O livro experimenta estilos de escrita,
assim como diversos assuntos.
Num monólogo, Ahab desafia
Moby Dick, ao estilo de Shakespeare:
"Persigo-te baleia destruidora
mas não invencível;
"enfrentar-te-ei até ao fim;
do inferno apunhalar-te-ei;
"cheio de ódio, exalarei
o meu último suspiro em cima de ti."
Outro capítulo está escrito
como um guião teatral,
em que os membros da tripulação
multiétnica do Pequod
se harmonizam individualmente e em coro.
Os marinheiros africanos
e espanhóis trocam insultos
enquanto um marinheiro taitiano
sente saudades da sua terra.
Os tripulantes chineses
e portugueses querem dançar
e um jovem profetiza a desgraça.
Noutro capítulo,
Ismael canta o processo
de decantar o óleo de baleia
num estilo épico,
enquanto o navio sobe e desce
na escuridão do mar
e o casco ronca como uma avalancha.
Um livro com uma tal amplitude
tem sempre qualquer coisa para todos.
Os leitores descobriram
alegorias religiosas e políticas,
dúvidas existencialistas,
sátira social, análise económica,
e representações
do imperialismo americano,
relações industriais e conflitos raciais.

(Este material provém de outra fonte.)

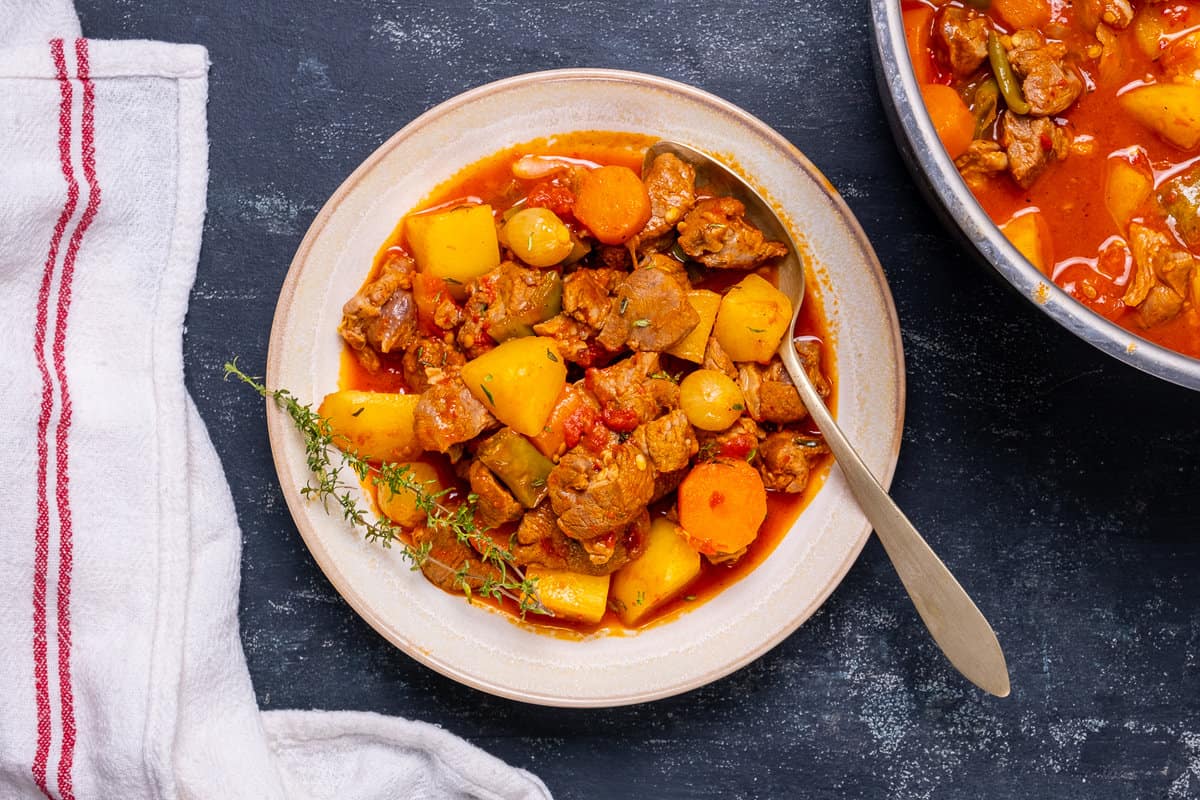 Lamb stew with potatoes and carrots in a large bowl and a spoon in it. Another dish with stew on the side.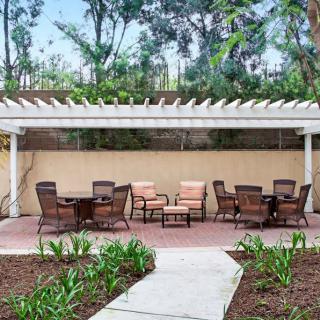 A peaceful garden setting featuring a pergola with outdoor seating and lush greenery.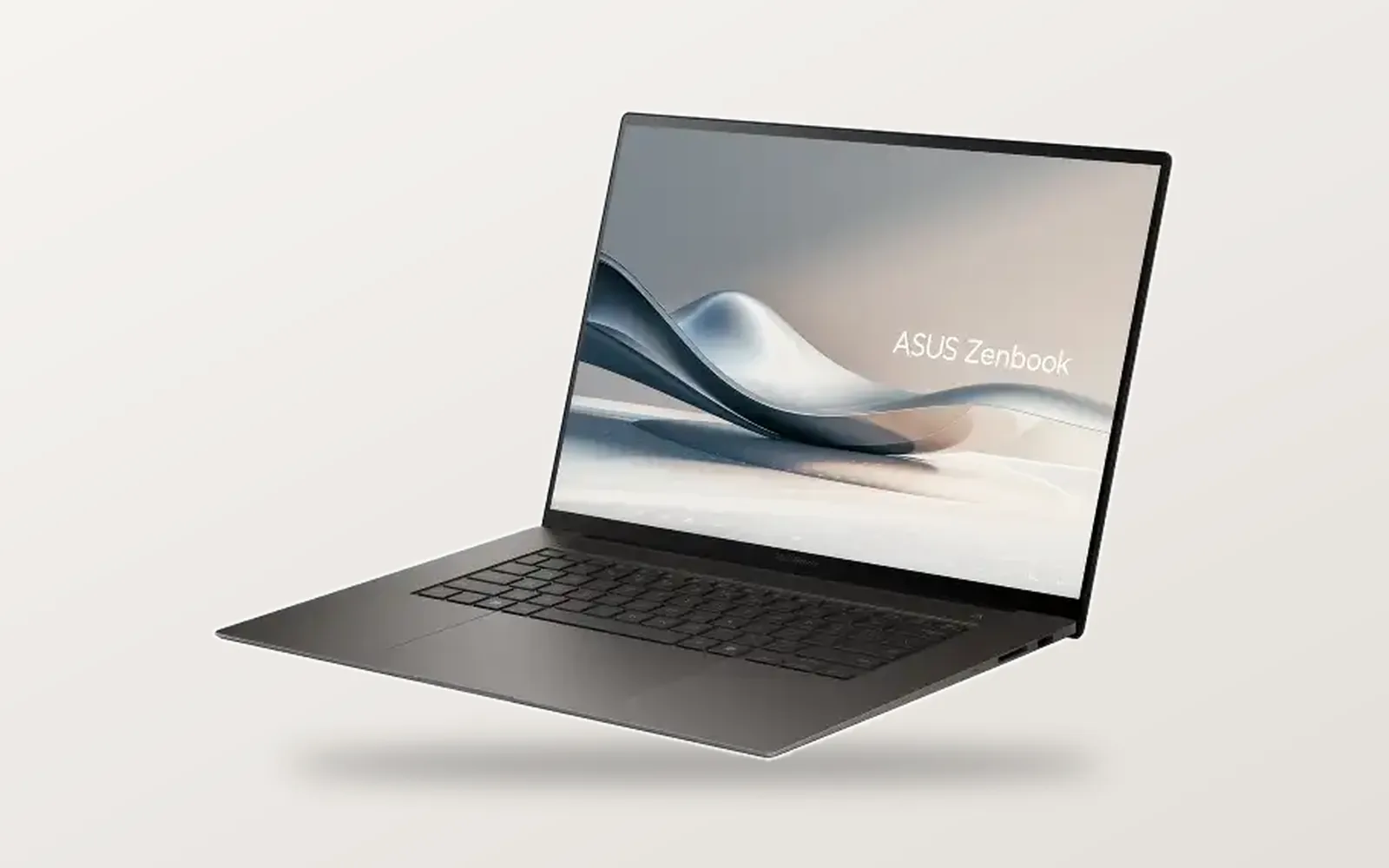 ASUS Zenbook S 16 in Zumaia Gray, open at an angle
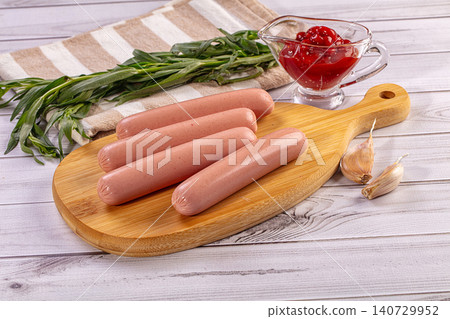 Fresh sausages on wooden board with tomato sauce, garlic, and tarragon Fresh sausages on wooden board with tomato sauce, garlic, and tarragon 140729952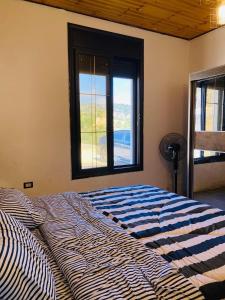 a large bed in a room with a window at Souf view in Jerash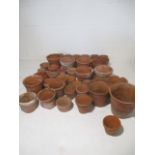 A large collection of terracotta pots.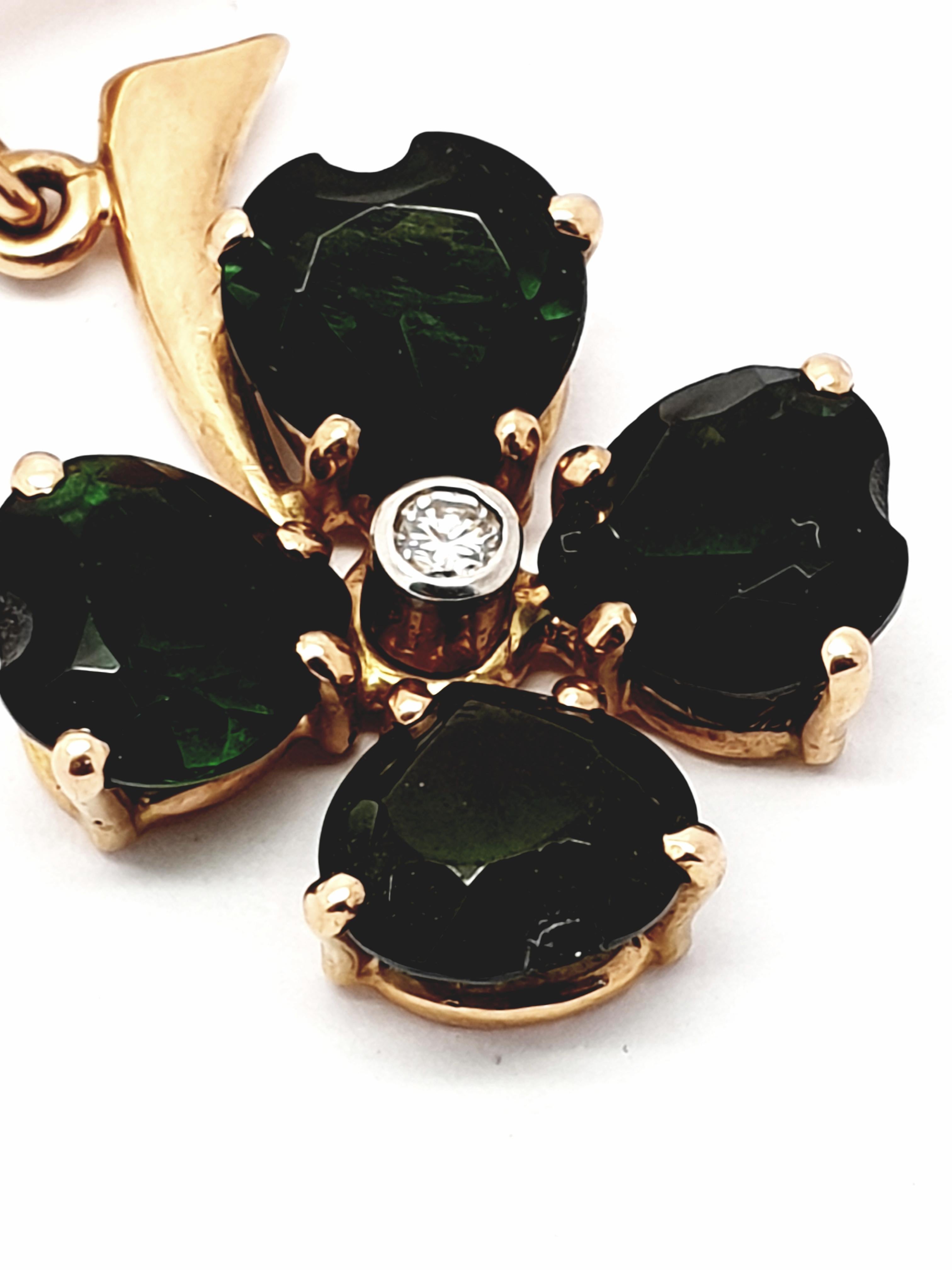 A  Beautiful 1940's 14 kt Gold Green Tourmaline Clover Shamrock ! Hand Crafted by a Master Art Jeweler ! Weighs approximately 5.4 grams. The setting and the  pin is 14 kt rose gold,hallmarked (see photos) . Green tourmaline stone leaves are carved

Quando Ismael persegue o sentido
e Ahab persegue a baleia branca,
o livro explora as forças opostas
de otimismo e incerteza,
de curiosidade e medo
que caracterizam a existência humana
seja o que for que estão a perseguir.
Através das muitas páginas
de "Moby Dick",
Melville convida os leitores
a saltar para o desconhecido,
e a juntarem-se a ele na caça
ao "fantasma inapreensível da vida".